Given information:

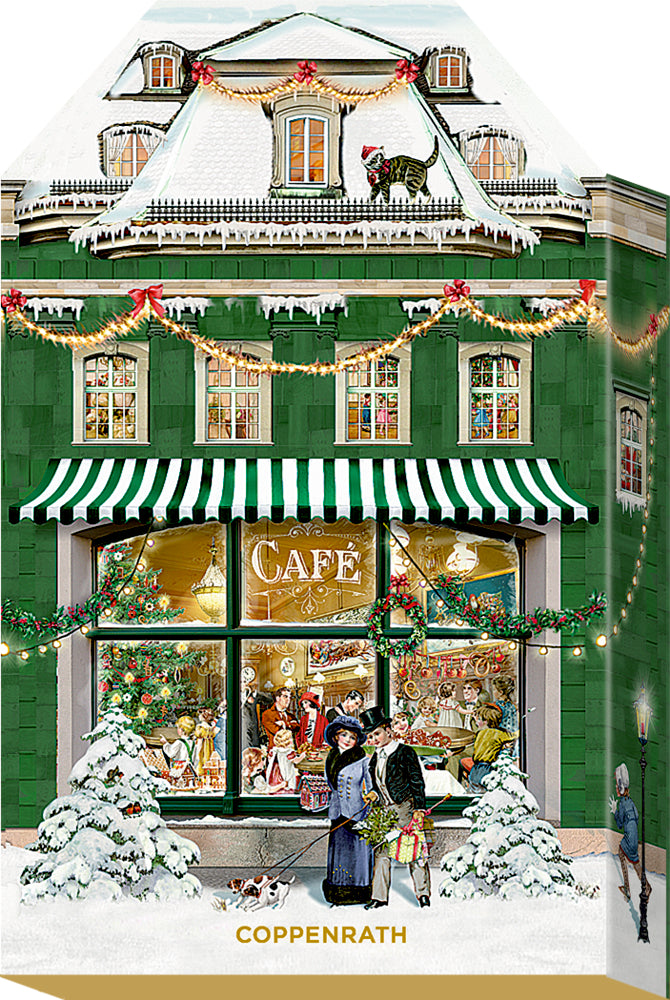Adventskalender Coppenrath Verlag Mein kleines Weihnachtshaus, Schachtel-Adventskalender, sortiert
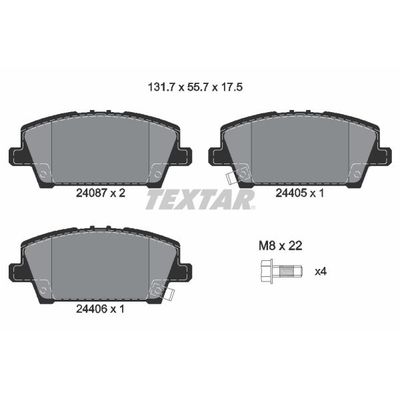 Fren Disk Balata Ön Honda Civic HB (FK)(09.2005->)  AYD 60290C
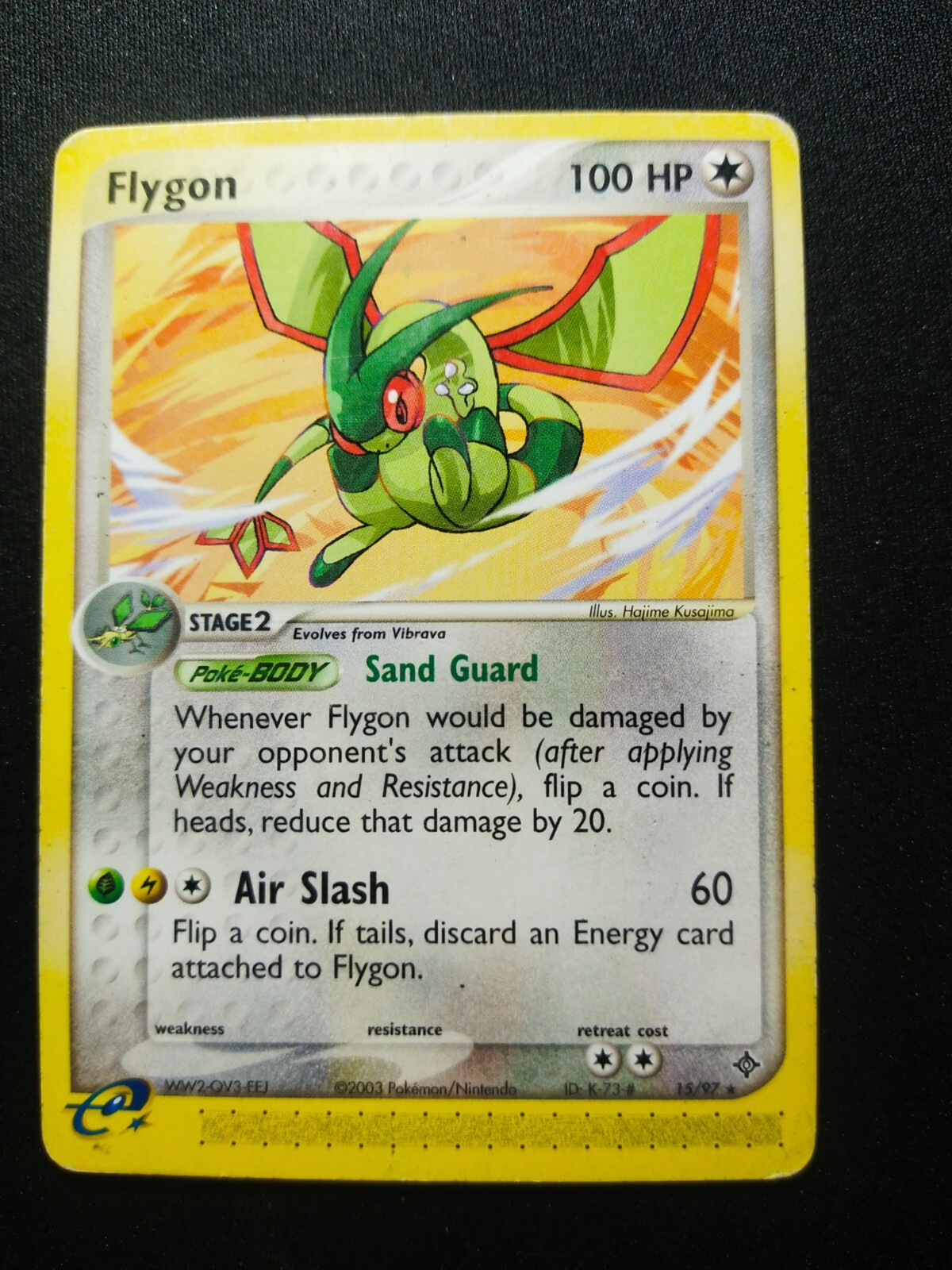 Pokemon Flygon 15/97 EX Dragon Rare EXC TCG Cards Vintage Near Mint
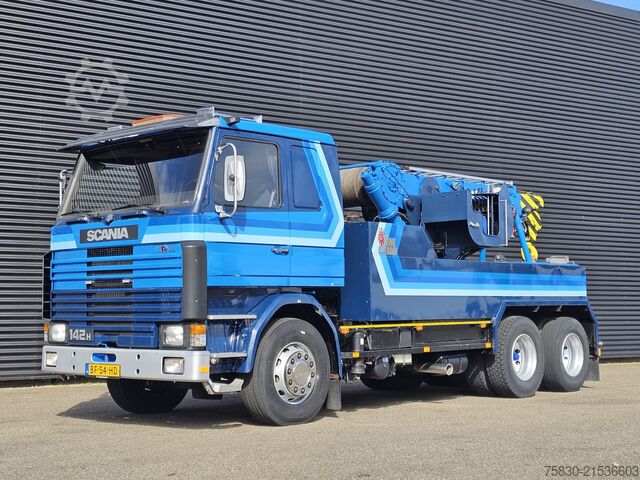 Bergungsfahrzeug Scania R142 V8 6x2 / ABSCHLEPP / TOW TRUCK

Work request: Beginning with the line that bears "Pokemon Flygon 15/97", output each line through the last line of the listing exactly, and no others; skip the pictures.

Response:
 Pokemon Flygon 15/97 EX Dragon Rare EXC TCG Cards Vintage Near Mint
 Bergungsfahrzeug Scania R142 V8 6x2 / ABSCHLEPP / TOW TRUCK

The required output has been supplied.